Smartwatches are growing more advanced and more affordable every year, but there's one area where they still stumble: battery life. The latest high-end watches from Apple and Samsung last about a day on a single charge, so you'll find yourself plugging the device in while you sleep. Although people are accustomed to charging their phones overnight, adding a smartwatch to the pile of gadgets on your nightstand isn't ideal.
Tom's Guide forum user landsofwinter loved Pebble's smartwatches, which last about seven days on a charge. But Pebble was acquired by Fitbit, and won't receive software or hardware upgrades after 2017. landsofwinter is seeking a long-lasting smartwatch that will (presumably) receive support, with regular updates and further releases down the line now that Pebble is no more.

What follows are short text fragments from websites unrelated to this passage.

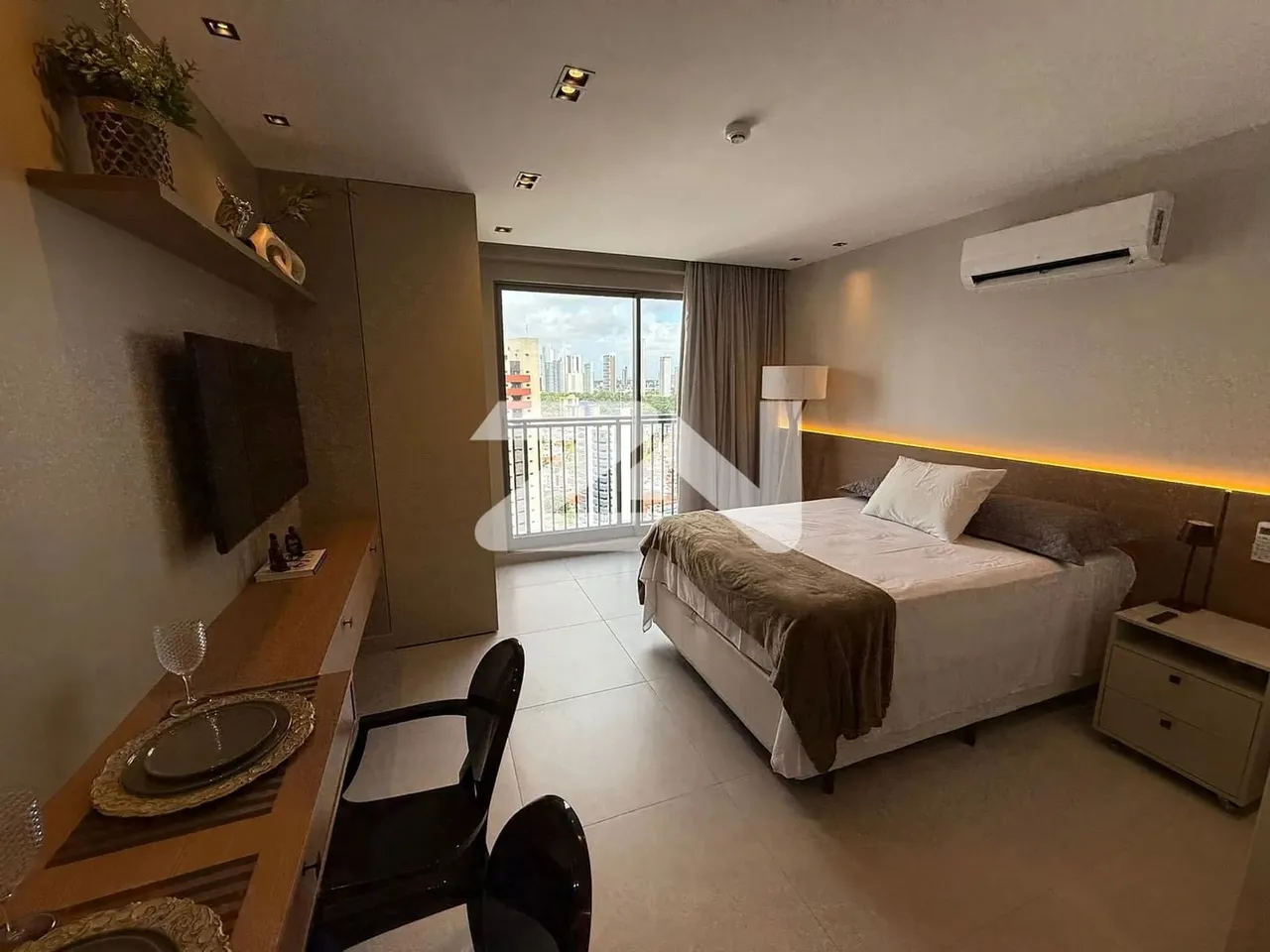 Flat mobiliado à venda com vista mar no bairro de Manaíra - R$ 410.000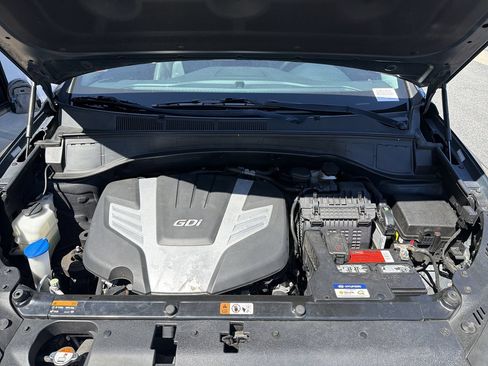 Used 2017 Hyundai Santa Fe Limited FWD image 38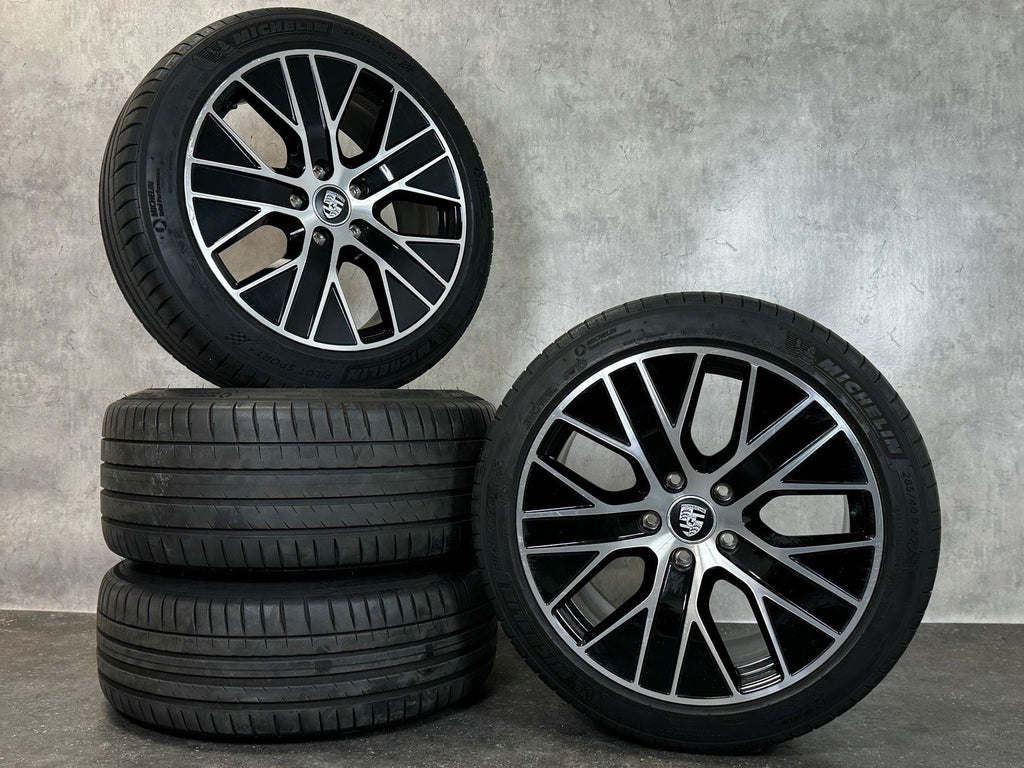 Original 20 Zoll Porsche Taycan Aero Sommerreifen 9J1601025J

"I don't want a Fitbit smartwatch but I wanted to upgrade from my original Pebble to something newer in the near future. I was hoping to get one of the new Pebble watches but they are obviously not being released anymore. What's the next best smartwatch to get for someone who values battery life above all else?”
You might want to reconsider a Fitbit smartwatch. A kernel of what was once Pebble is still there; it's now the basis for the Fitbit Ionic's operating system. The Ionic, with four days of battery life, doesn't last quite as long as the Pebble's, but that's a whole lot longer than the single day you get from most other smartwatches. And because you can wear the Ionic at night, you benefit from Fitbit's advanced sleep-tracking analysis, which is miles ahead of its competitors.
If you're more focused on fitness, Garmin's Vivoactive 3 lasted about three days on a charge during my tests. With a round face, Garmin's new smartwatch is more fashionable than the bulky, square Ionic. Its sleep tracking leaves much to be desired, but it can track just about any type of workout you can imagine.
Neither the Ionic nor the Vivoactive 3 can last a week on a charge like Pebble's watches, but they do feature heart-rate sensors, GPS and NFC chips for mobile payments. For some buyers, those perks might be worth the sacrifice in battery life.
But if the battery is really all that matters, then a hybrid smartwatch is your best bet. These smartwatches have analog watch faces that belie smart features like activity tracking and smartphone notifications. Some even have heart-rate sensors. Companies like Kronaby, Fossil, and Fossil-owned brands such as Skagen and Michele make watches that last months on a charge, and have coin cell batteries that are easy to replace when they finally die.